§ **AVAILABLE RECORDS**:

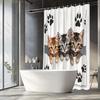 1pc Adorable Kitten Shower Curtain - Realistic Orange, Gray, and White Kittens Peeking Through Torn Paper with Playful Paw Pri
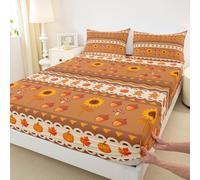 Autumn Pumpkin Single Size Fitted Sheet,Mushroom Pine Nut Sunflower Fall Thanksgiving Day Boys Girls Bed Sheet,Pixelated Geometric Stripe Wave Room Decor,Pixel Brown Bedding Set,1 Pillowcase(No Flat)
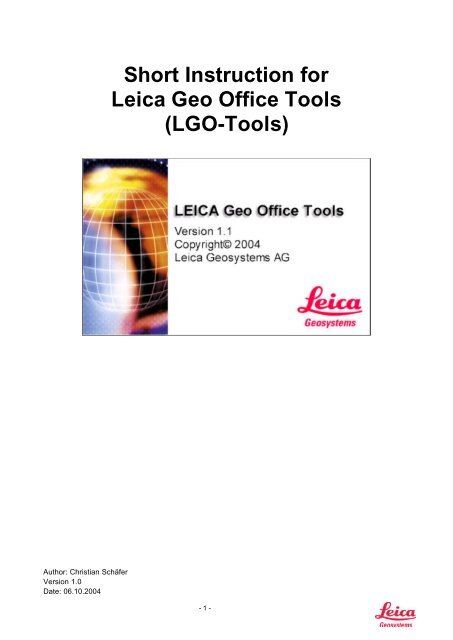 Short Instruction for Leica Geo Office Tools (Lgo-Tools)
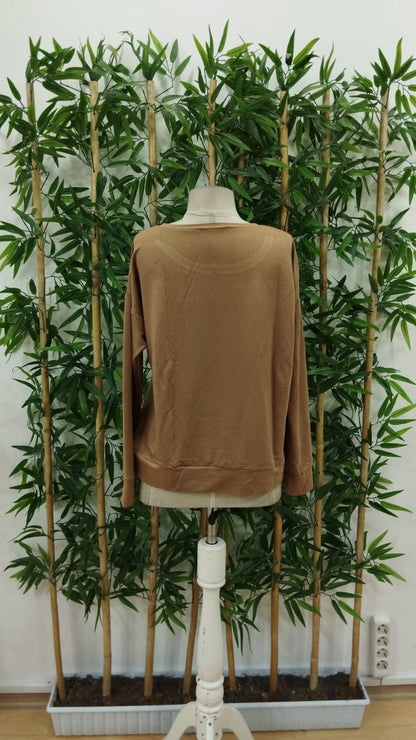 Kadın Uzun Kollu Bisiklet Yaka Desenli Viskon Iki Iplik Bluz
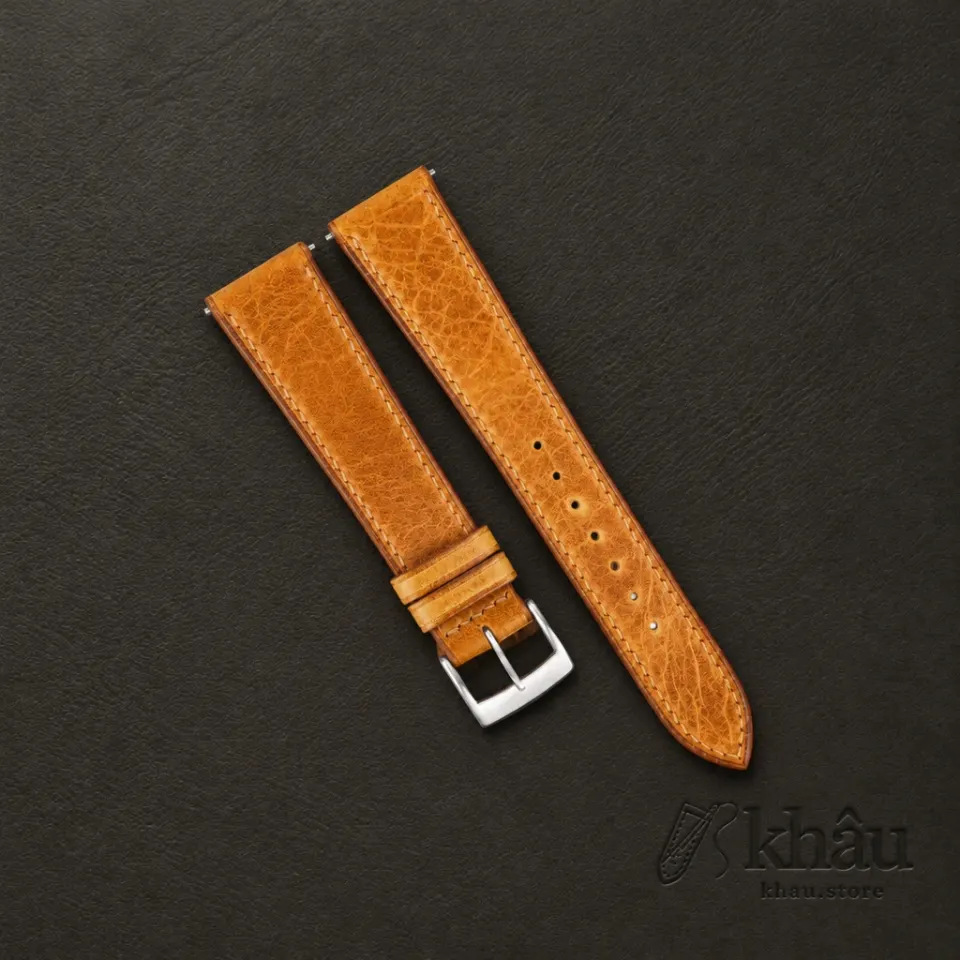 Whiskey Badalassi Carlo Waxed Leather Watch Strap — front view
* * *
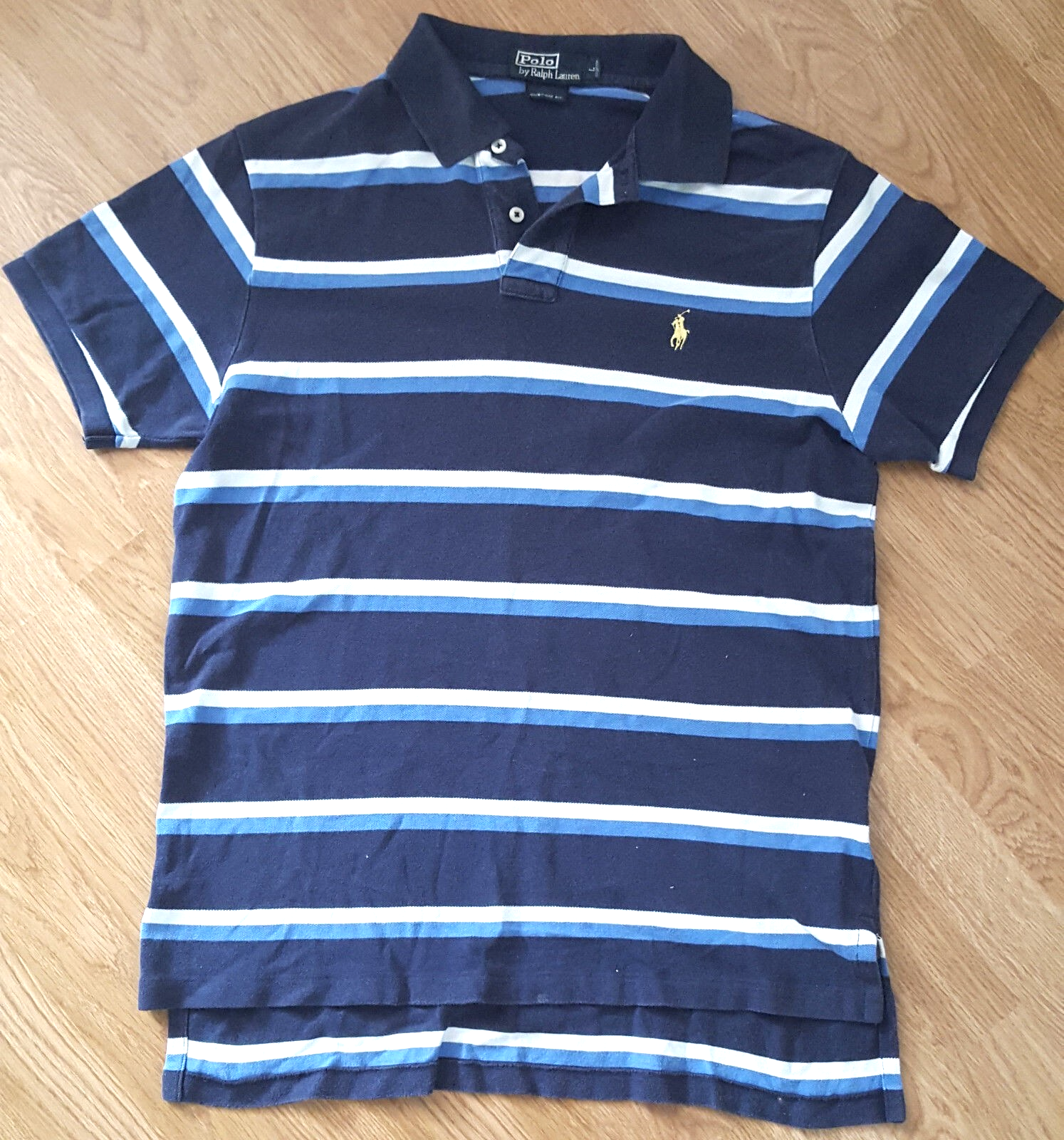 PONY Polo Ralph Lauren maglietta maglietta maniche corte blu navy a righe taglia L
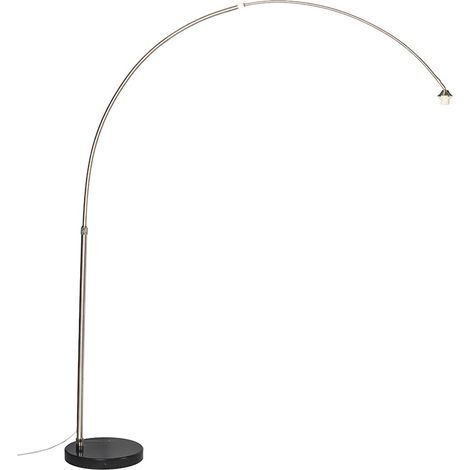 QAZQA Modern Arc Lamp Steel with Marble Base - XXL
...
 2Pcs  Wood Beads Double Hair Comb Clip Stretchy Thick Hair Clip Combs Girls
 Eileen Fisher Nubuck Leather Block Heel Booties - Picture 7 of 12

§ **WHAT TO WORK ON**: Working from the entries above, please transcribe only the lines from the line with "Kadın Uzun Kollu" through the line with "Whiskey Badalassi Carlo", exactly, with both end lines and without pictures.

§ **SOLUTION TO THE PROBLEM**:
 Kadın Uzun Kollu Bisiklet Yaka Desenli Viskon Iki Iplik Bluz
 Whiskey Badalassi Carlo Waxed Leather Watch Strap — front view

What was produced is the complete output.